Вторым союзником Вены был немецкий народ. Но он повсюду был вовлечен в ту же борьбу, что и венцы. Франкфурт, Баден, Кёльн только что потерпели поражение и были обезоружены. В Берлине и Бреславле {Польское название: Вроцлав. Ред.} народ и войска были друг с другом на ножах, и со дня на день приходилось ожидать открытого столкновения. Таково же было положение и в каждом местном центре движения. Повсюду оставались открытыми вопросы, которые могли быть разрешены только силой оружия. И здесь-то впервые со всей остротой дали себя знать пагубные последствия сохранения старой раздробленности и децентрализации Германии. Разнообразные вопросы в каждом государстве, в каждой провинции, в каждом городе по существу были одни и те же; но везде они выступали в различных формах, при различных обстоятельствах и в разных местах достигали различных ступеней зрелости. Поэтому, хотя повсюду чувствовали решающее значение событий в Вене, однако нигде не было возможности нанести серьезный удар с какой-либо надеждой на то, что это поможет венцам, или предпринять диверсию в их пользу. Итак, никто не мог помочь, кроме парламента и центральной власти во Франкфурте. К ним взывали со всех сторон. И что же те сделали?

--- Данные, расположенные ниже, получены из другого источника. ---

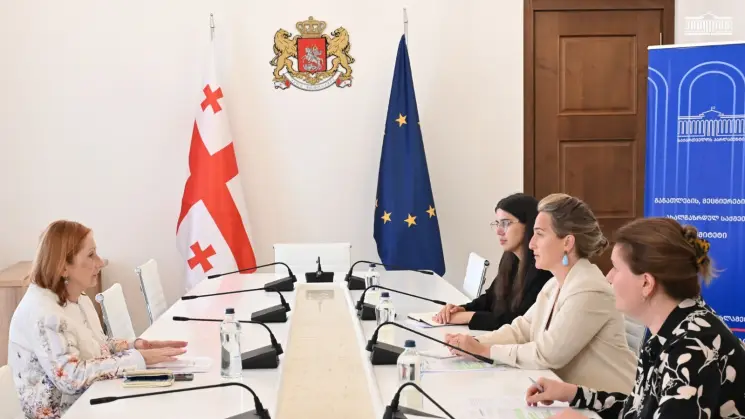 მარიამ ლაშხი სკოლის ექიმთა ასოციაციის პრეზიდენტს შეხვდა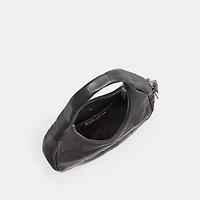 Alter/Ego Crescent Shoulder Bag Checkerboard Upcrafted Leather
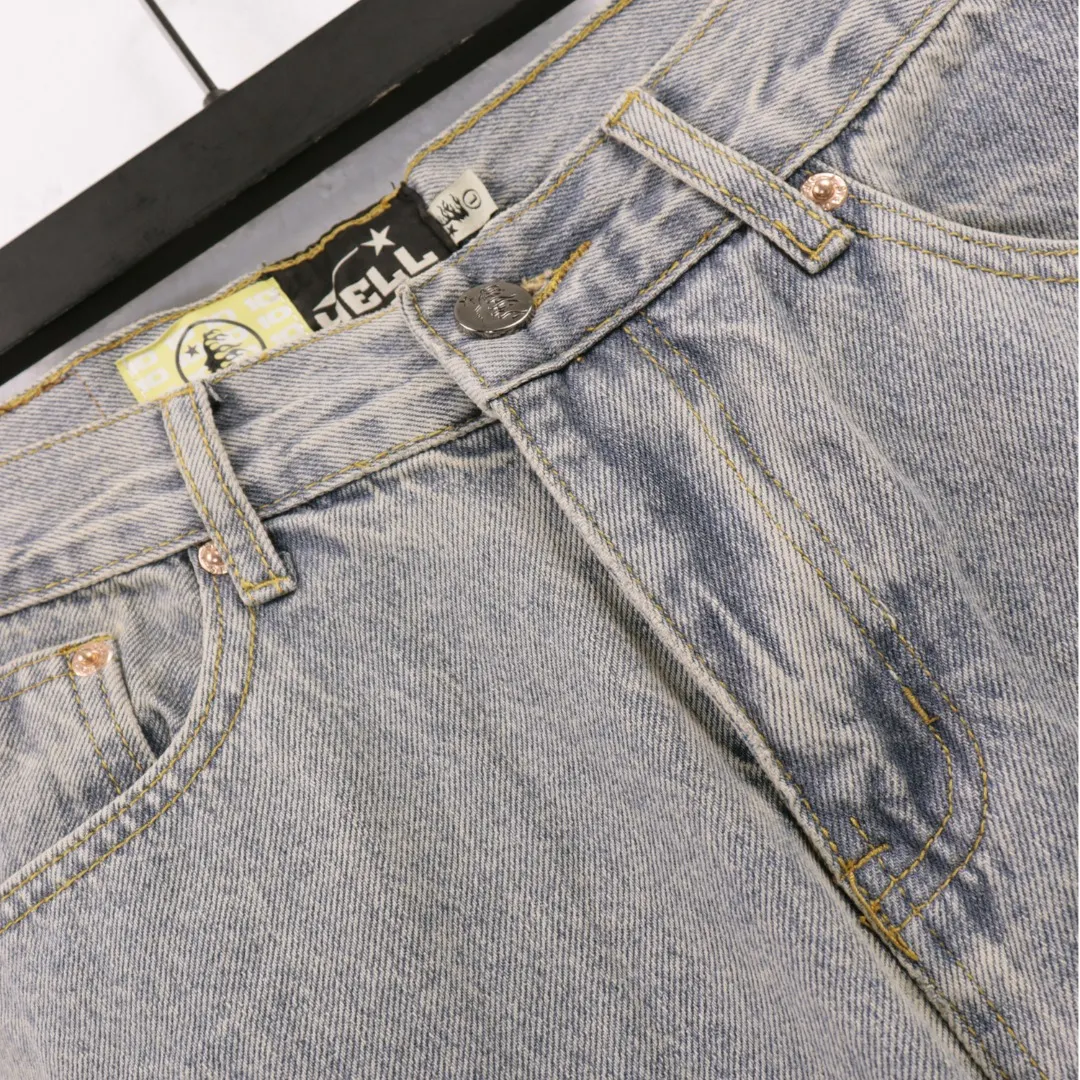 Hellstar Distressed Printed Straight-Leg Jeans D12812266 — view 4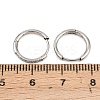 304 Stainless Steel Clear Cubic Zirconia Hoop Earrings EJEW-L307-05P-5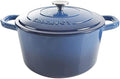 Crock-Pot Artisan 7-Quart Round Enameled Cast Iron Dutch Oven – Sapphire Blue, Durable Heavy-Duty Cookware for Slow Cooking, Baking, Roasting with Lid by Crock-PotBrand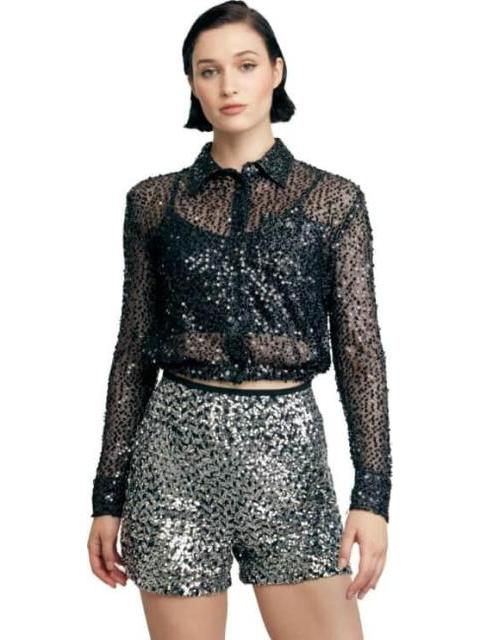 BLUSA DE LENTEJUELA NEGRO HOLLY LAND - Image 3
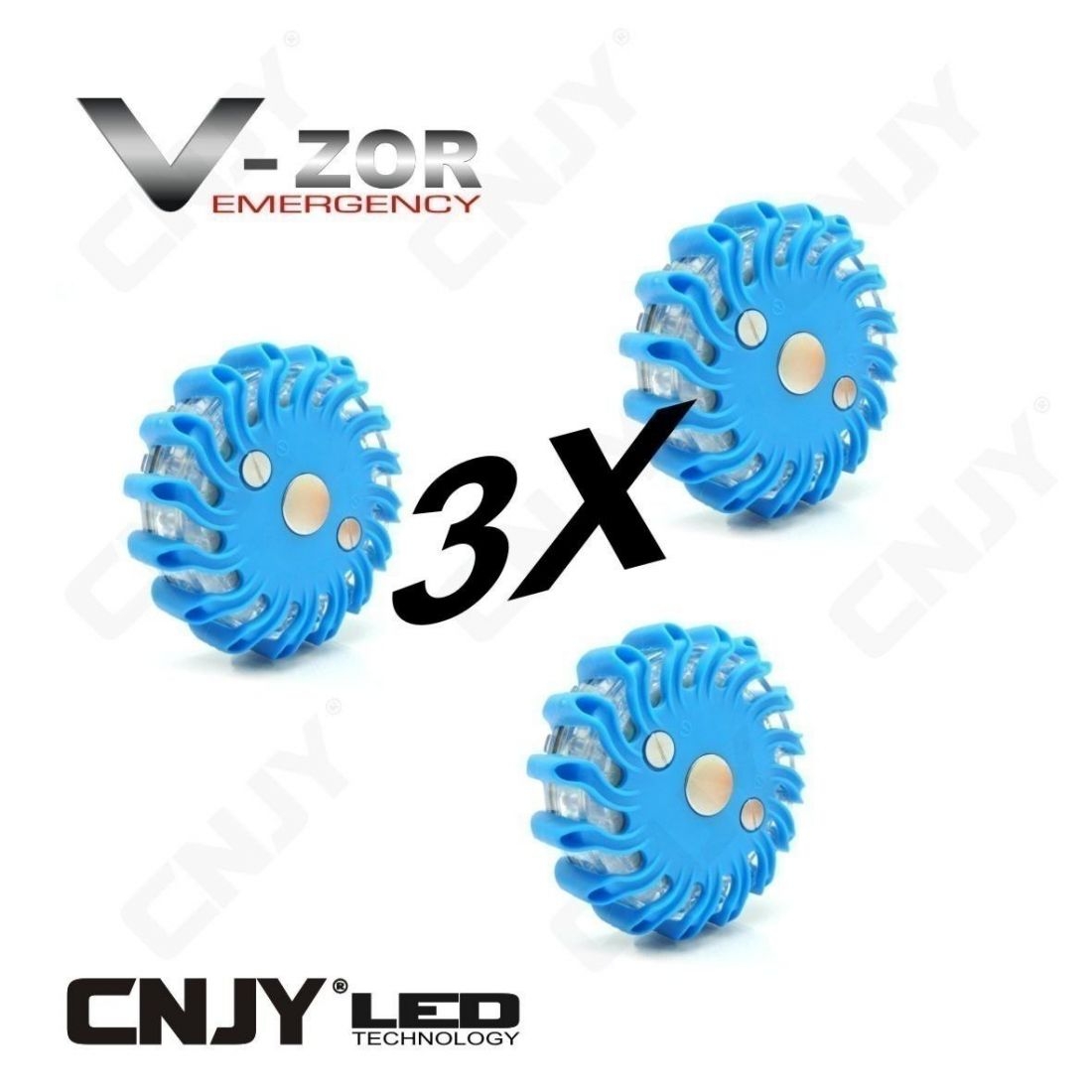 Gyrophare LED B Baosity 220V - Vert - Balise Signalisation Urgence Voiture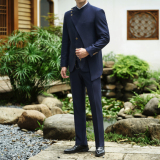中式婚宴高端礼服时尚设计西服套装婚宴礼服西服922/P280，男装西服，电商A428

Франкфуртский парламент и ублюдок, появившийся на свет от преступной связи его со старым Союзным сеймом, так называемая центральная власть, воспользовались венским движением для того, чтобы обнаружить свое полное ничтожество. Это презренное Собрание, как мы видели, уже давно пожертвовало своей девственностью и, несмотря на свой юный возраст, успело уже поседеть, приобретая опыт во всех уловках болтливой и псевдодипломатической проституции. От всех грез и иллюзий о могуществе, о возрождении и единстве Германии, охвативших Собрание в первые дни его существования, не осталось ничего, кроме набора трескучих тевтонских фраз, повторявшихся при каждом удобном случае, да твердого убеждения каждого отдельного депутата в важности своей собственной персоны и в легковерии публики. Первоначальная наивность улетучилась; представители германского народа стали людьми практичными, иными словами, пришли к убеждению, что их положение вершителей судеб Германии будет тем надежнее, чем меньше они будут делать и чем больше будут болтать. Это не значит, что они считали свои заседания излишними — совсем наоборот. Но они открыли, что все действительно крупные вопросы — запретная область для них и что лучше подальше держаться от этой области. И вот, подобно сборищу византийских ученых Империи времен упадка, они с важным видом и усердием, достойным той участи, которая в конце концов их постигла, обсуждали теоретические догмы, давным-давно уже установленные во всех частях цивилизованного мира, или же практические вопросы столь микроскопических размеров, что они никогда не приводили к каким-либо практическим результатам. Так как Собрание было, таким образом, своего рода ланкастерской школой[35], в которой депутаты занимались взаимным обучением, и имело поэтому для них весьма важное значение, то они были убеждены, что оно делает больше, чем был вправе ожидать от него немецкий народ, и считали изменником родины всякого, кто имел бесстыдство требовать от Собрания, чтобы оно достигло какого-либо результата.